Egypt orders trial for journalists charged with harboring reporters
Egyptian prosecutors have ordered the head of the country’s journalists union and two other senior union officials to stand trial for allegedly spreading false news and harboring fugitive colleagues.
The order, issued Monday, targets union chief Yehia Qalash, Khaled al-Balshy and Gamal Abdel Rahim. It calls them to trial on June 4 in Cairo.
The controversial case stems from a May 1 police raid on the Cairo offices of the Egyptian Journalists Syndicate, where police aimed to arrest two opposition journalists who had sought refuge inside.
Qalash and the union condemned those arrests, at the time accusing police of storming their offices for the first time in the union’s 75-year history. The Interior Ministry later denied using force to enter the building, while acknowledging police had arrested the opposition reporters.
Days later, the union demanded a presidential apology and the release of all detained journalists, while threatening to strike if its demands were not met.
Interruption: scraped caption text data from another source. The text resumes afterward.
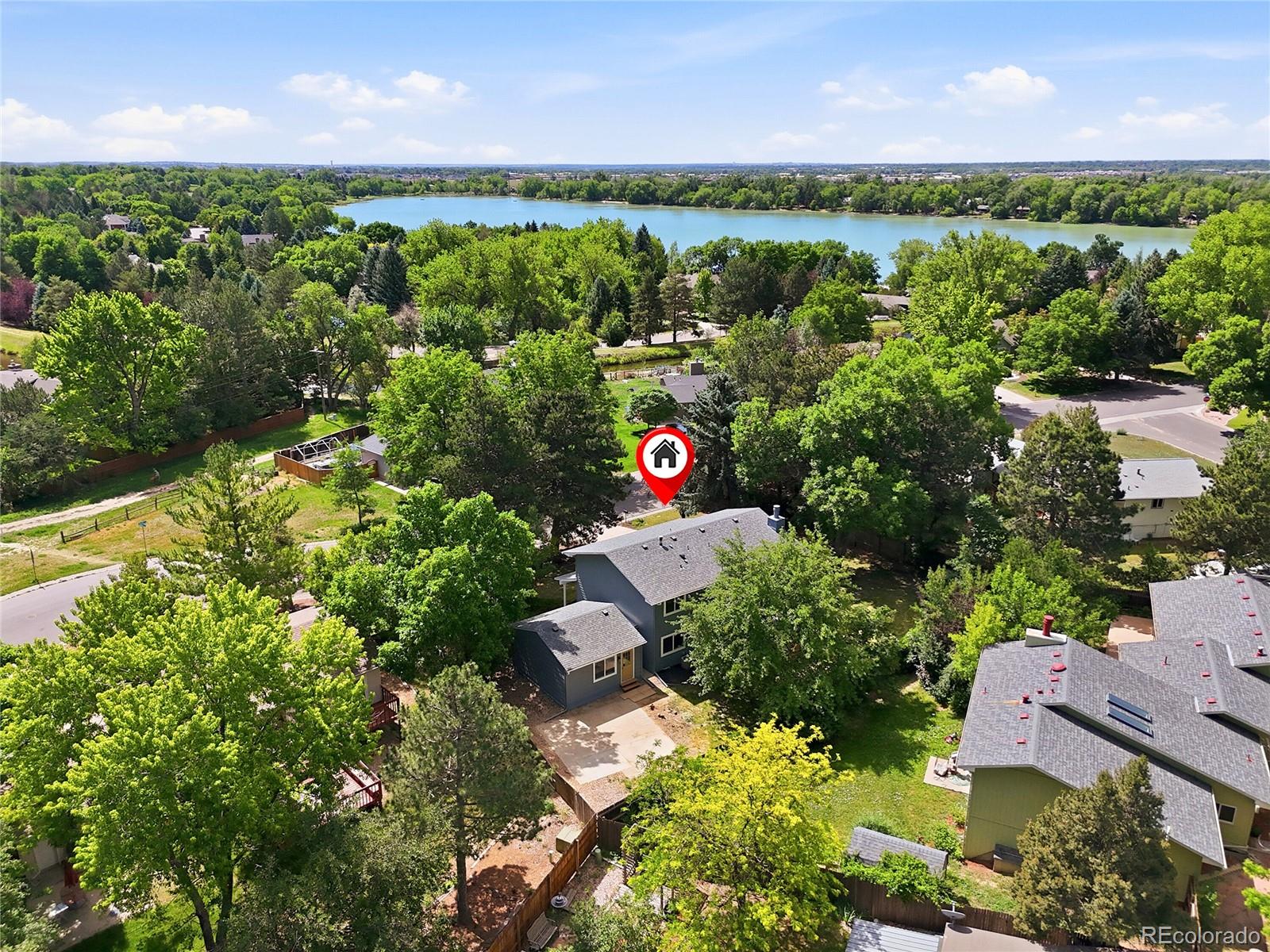 1208 Miramont Drive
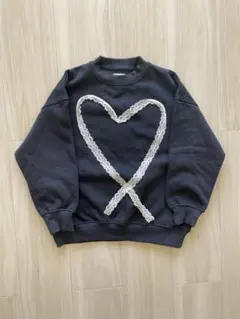 ZARA kids トレーナー　122cm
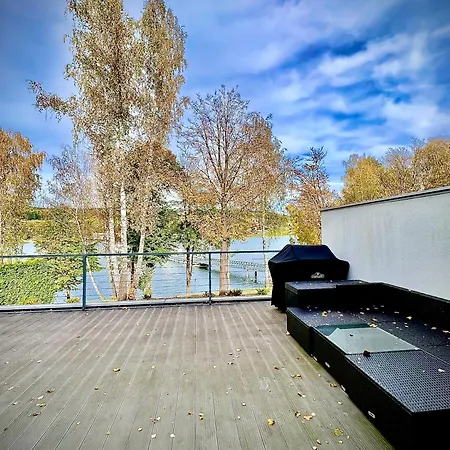 L57_resort Gródek Nad Dunajcem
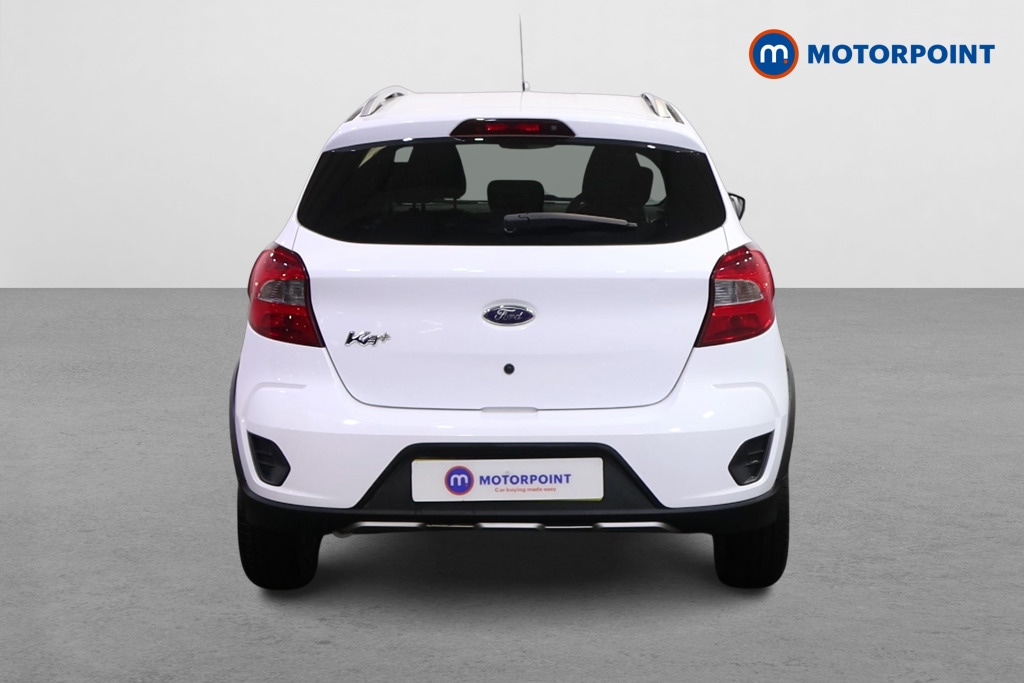 Used Ford Ka+ 2018 for sale - 76723233: Photo 6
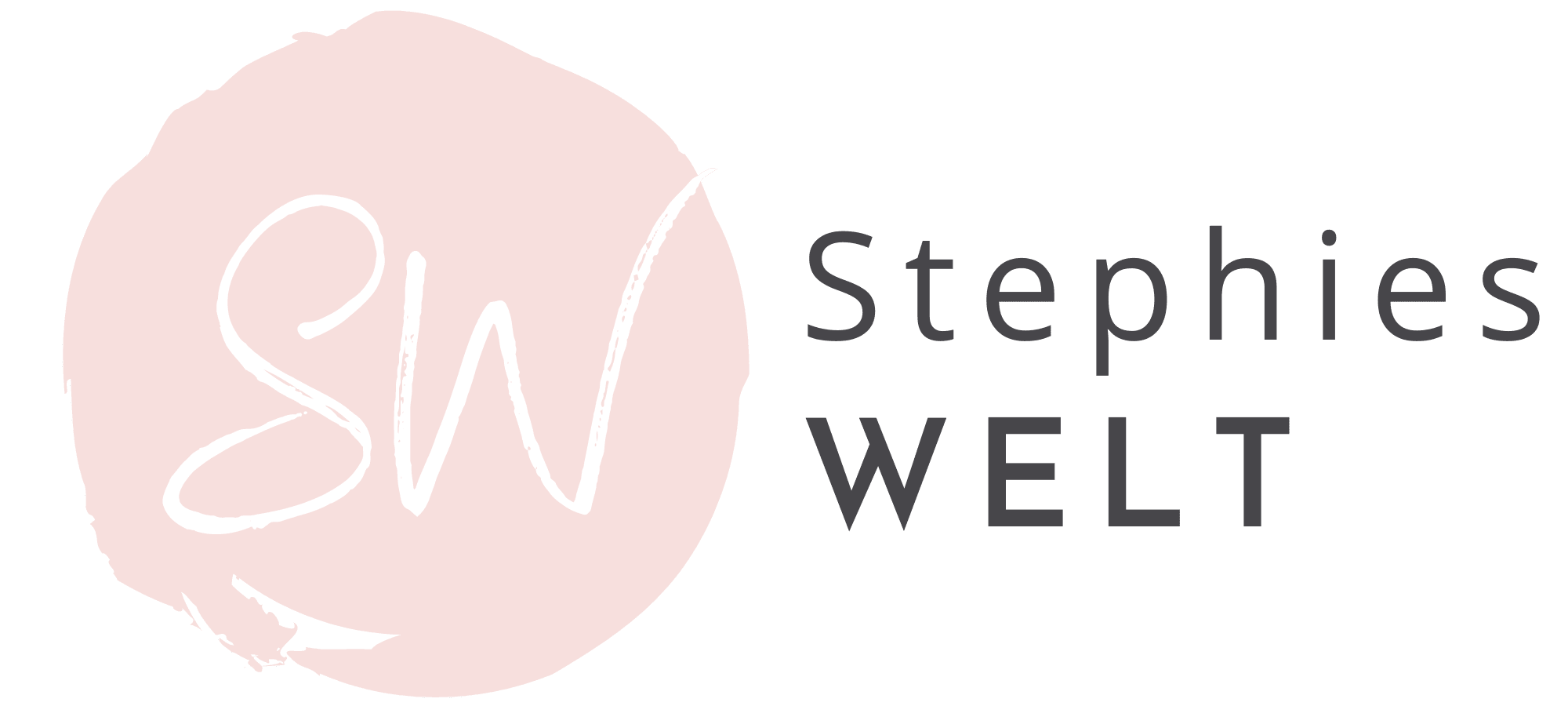 Logo-stephieswelt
Protesters spurred by the arrests also called for the removal of Interior Minister Magdy Abdel Ghaffar.
Monday’s order charging the union trio comes as authorities face rising public dissent against President Abdel Fattah el-Sissi, whom rights activists and diplomats inside and outside the country describe as increasingly authoritarian.
The rights group Amnesty International denounced the union leaders’ arrests, calling them “the most brazen attack on the media the country has witnessed in decades.” Amnesty’s Magdalena Mughrabi also said the arrests signal “a dangerous escalation of Egyptian authorities’ Draconian clampdown on freedom of expression.”
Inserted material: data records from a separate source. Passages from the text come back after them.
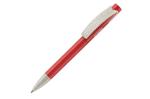 Ball pen Punto bio Fawn/red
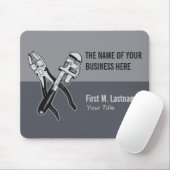 Sonderaktion TOOLS Mousepad (Mit Mouse)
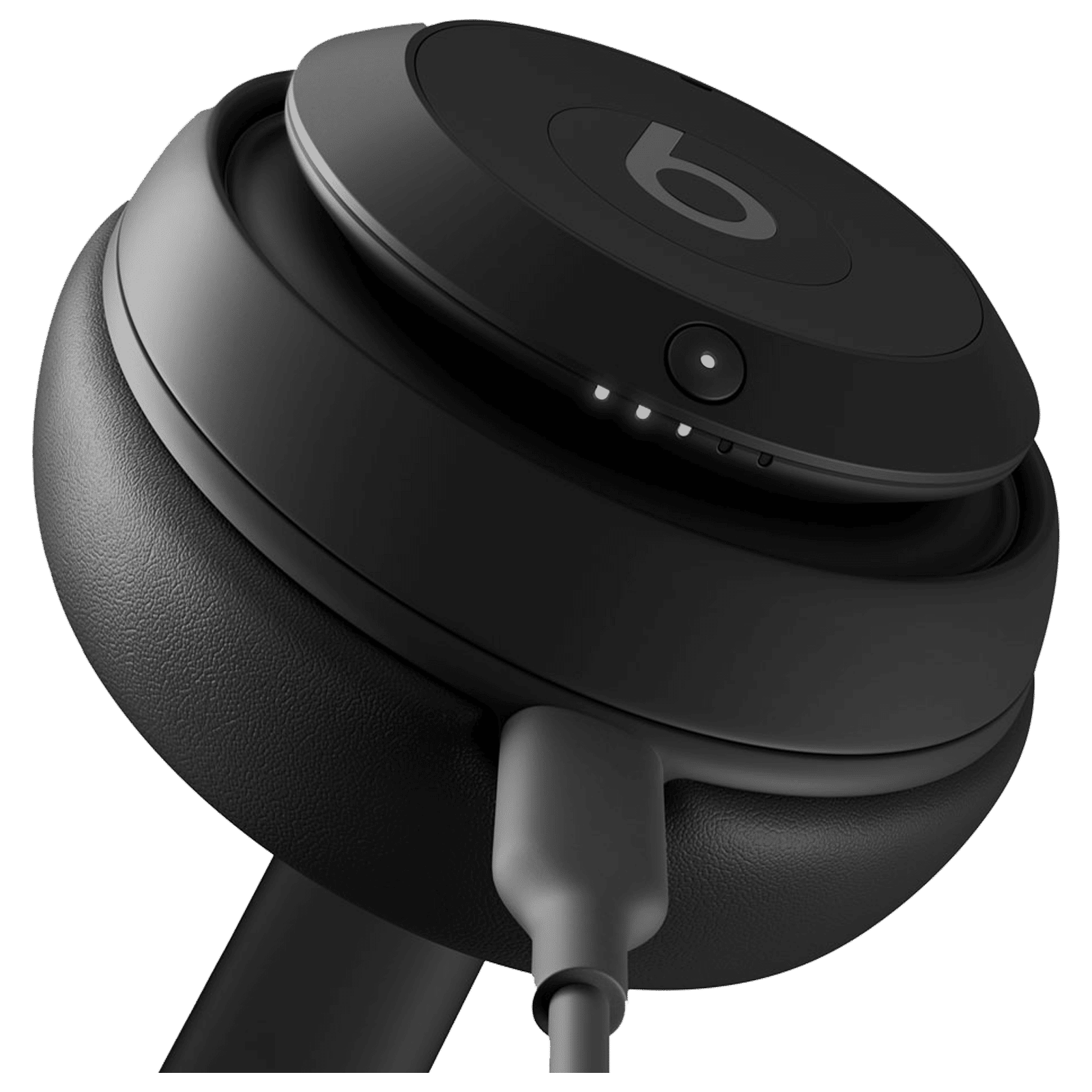 beats Studio Pro Bluetooth Headphone with Mic (Siri Voice Assistant, Over Ear, Black) beats Studio Pro Bluetooth Headphone with Mic (Siri Voice Assistant, Over Ear, Black)_3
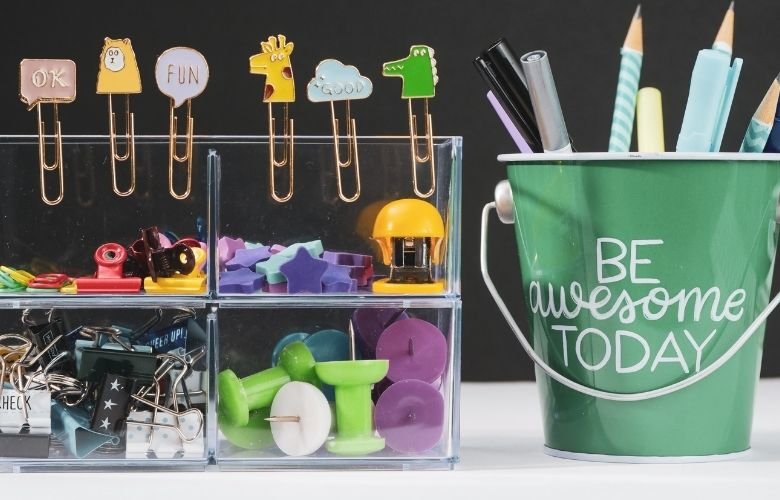 Produtividade em Foco: A Importância da Organização de Documentos e Arquivos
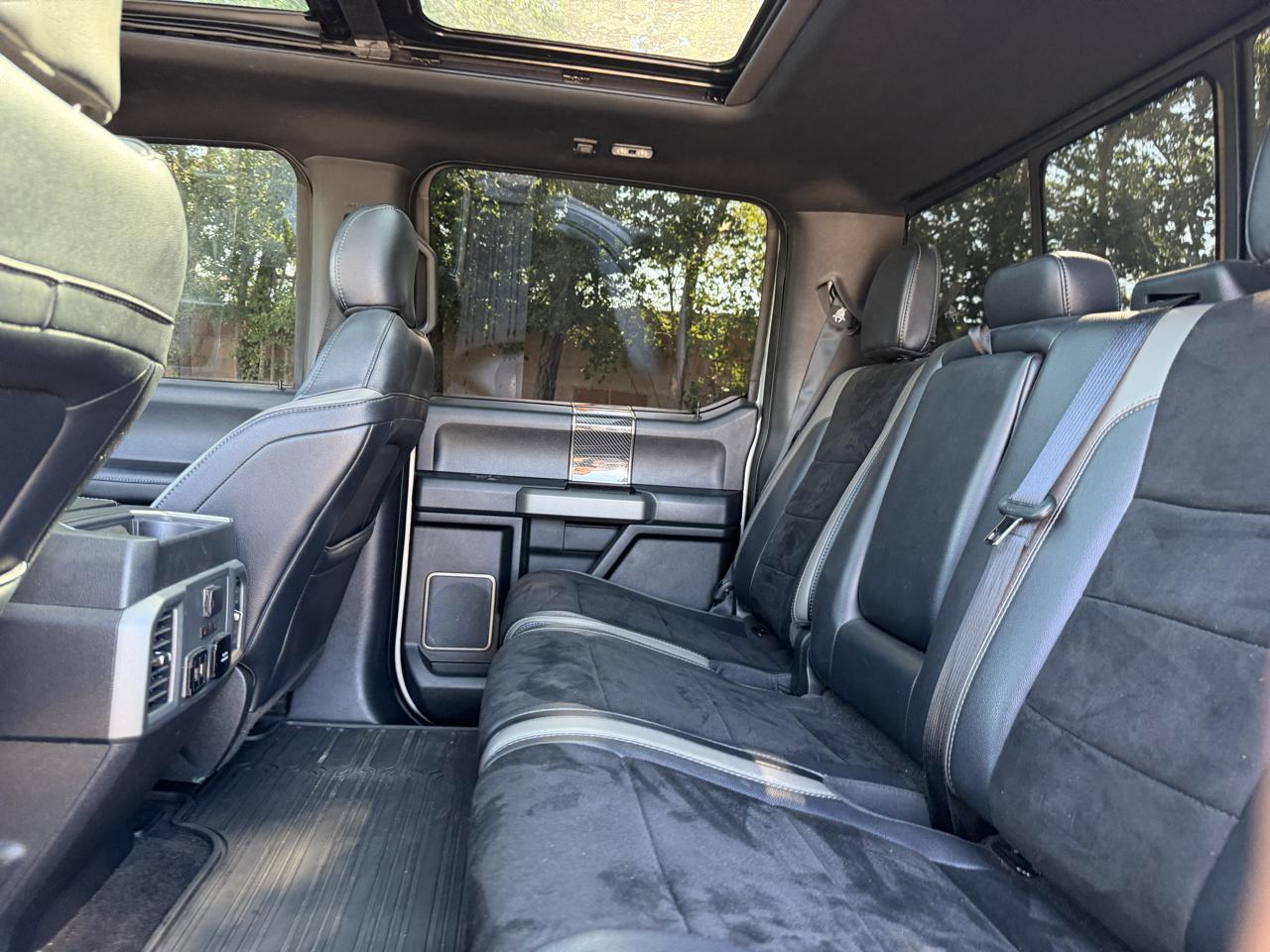 Ford F-150  2018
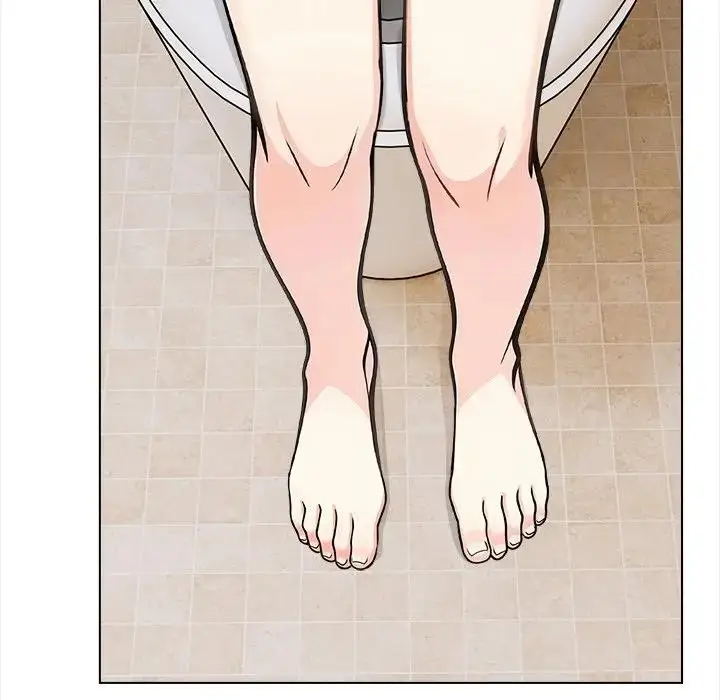 《大学女生宿舍的秘密》第5话图63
A lawyer for the union trio, Sayed Abu Zeid, told the Associated Press his clients were questioned for hours Sunday evening and that they initially refused to post bail because “publishing news … should not involve imprisonment or bail.” Prosecutors later said bail was posted.
The two suspects arrested May 1 were detained after publishing content in mid-April criticizing Egypt’s decision to transfer two Red Sea islands to Saudi Arabia.